Guinean justice is acting following the action initiated in January 2022 by the National Front for the Defense of the Constitution (FNDC), a collective which led for months from October 2019 the challenge against a third term of Alpha Condé . The repression of these protests, often brutal in this country accustomed to political violence, left dozens dead, almost all civilians. Alpha Condé, 84 years old today, was overthrown on September 5, 2021 during a putsch led by Colonel Mamady Doumbouya at the head of his special forces.
Since the announcement of the legal proceedings, the question that many Guineans have been asking is the following: by which court will he be judged? In particular because of the concept of privilege of jurisdiction which stipulates that an individual, taking into account the functions he has occupied in society, cannot be judged by the same jurisdiction as an ordinary citizen. This is at least what the old Guinean Constitution, now dissolved, provided for the President of the Republic. “Are the Guinean courts capable, in particular that of Dixinn? Are there competent and courageous magistrates? Does the judicial infrastructure exist?

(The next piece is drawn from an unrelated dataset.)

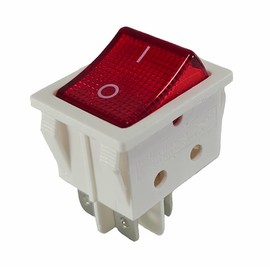 Rocker Switch White 4 Pin 16 A 250 VAC 30 x 22 mm Red Rocker Illuminated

Does the judicial tool exist to judge a former president?asks Abdoulaye Bah, one of the leaders of the Union of Democratic Forces of Guinea, the main opposition party under Alpha Condé, on the Guinéematin.com news site. “We would have preferred the creation of a special court to judge crimes of blood.” Like the Court of Repression of Economic and Financial Offenses (Crief) which was created by the junta in December 2021.
The Guinéenews information site has also investigated the jurisdiction of this court to try the former president. According to some jurists, “the Crief has the full powers of the high court of justice. There is therefore no need to create another special jurisdiction to judge the blood crimes of which Alpha Condé and 26 other former dignitaries of his regime are accused. The Crief is therefore competent to judge the bloody crimes committed by the Presidents of the Republic and the ministers.” For other experts interviewed by the news site, the mission “devolved” to the Crief, “vse are economic and financial crimes and misdemeanors”…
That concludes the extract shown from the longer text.